### WHAT TO DO:
Note the line where "SOFTSEA Heavy Duty" appears in the data below; write it out exactly, along with every line that comes after it to the end.

### INFORMATION GIVEN:

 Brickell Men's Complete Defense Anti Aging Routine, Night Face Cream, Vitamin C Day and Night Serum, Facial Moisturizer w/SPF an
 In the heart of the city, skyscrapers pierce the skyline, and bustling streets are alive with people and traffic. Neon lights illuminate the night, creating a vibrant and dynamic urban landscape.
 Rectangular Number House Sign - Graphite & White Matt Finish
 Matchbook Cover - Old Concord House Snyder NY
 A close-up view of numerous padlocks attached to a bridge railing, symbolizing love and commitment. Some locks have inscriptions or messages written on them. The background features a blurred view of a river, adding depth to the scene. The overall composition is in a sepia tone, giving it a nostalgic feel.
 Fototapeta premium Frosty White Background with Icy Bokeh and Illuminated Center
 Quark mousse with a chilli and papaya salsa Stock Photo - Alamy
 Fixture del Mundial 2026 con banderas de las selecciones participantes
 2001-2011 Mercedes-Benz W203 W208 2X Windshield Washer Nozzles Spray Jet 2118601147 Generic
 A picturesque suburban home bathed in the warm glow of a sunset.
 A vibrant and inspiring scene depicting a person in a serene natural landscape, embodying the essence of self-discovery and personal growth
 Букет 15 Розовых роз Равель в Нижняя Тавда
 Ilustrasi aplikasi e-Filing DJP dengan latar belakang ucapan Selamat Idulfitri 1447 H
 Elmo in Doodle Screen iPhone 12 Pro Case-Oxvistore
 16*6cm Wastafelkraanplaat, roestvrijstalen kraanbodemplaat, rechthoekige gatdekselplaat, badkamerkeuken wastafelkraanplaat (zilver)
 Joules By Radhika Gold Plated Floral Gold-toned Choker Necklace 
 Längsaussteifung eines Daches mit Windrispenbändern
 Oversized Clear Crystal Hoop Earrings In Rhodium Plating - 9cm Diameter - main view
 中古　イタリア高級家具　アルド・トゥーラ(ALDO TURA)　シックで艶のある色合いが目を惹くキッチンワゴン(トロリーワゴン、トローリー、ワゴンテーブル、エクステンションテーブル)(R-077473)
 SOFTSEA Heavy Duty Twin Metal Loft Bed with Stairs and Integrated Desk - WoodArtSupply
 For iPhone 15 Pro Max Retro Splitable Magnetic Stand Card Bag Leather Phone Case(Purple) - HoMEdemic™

### EXERCISE RESPONSE:
 SOFTSEA Heavy Duty Twin Metal Loft Bed with Stairs and Integrated Desk - WoodArtSupply
 For iPhone 15 Pro Max Retro Splitable Magnetic Stand Card Bag Leather Phone Case(Purple) - HoMEdemic™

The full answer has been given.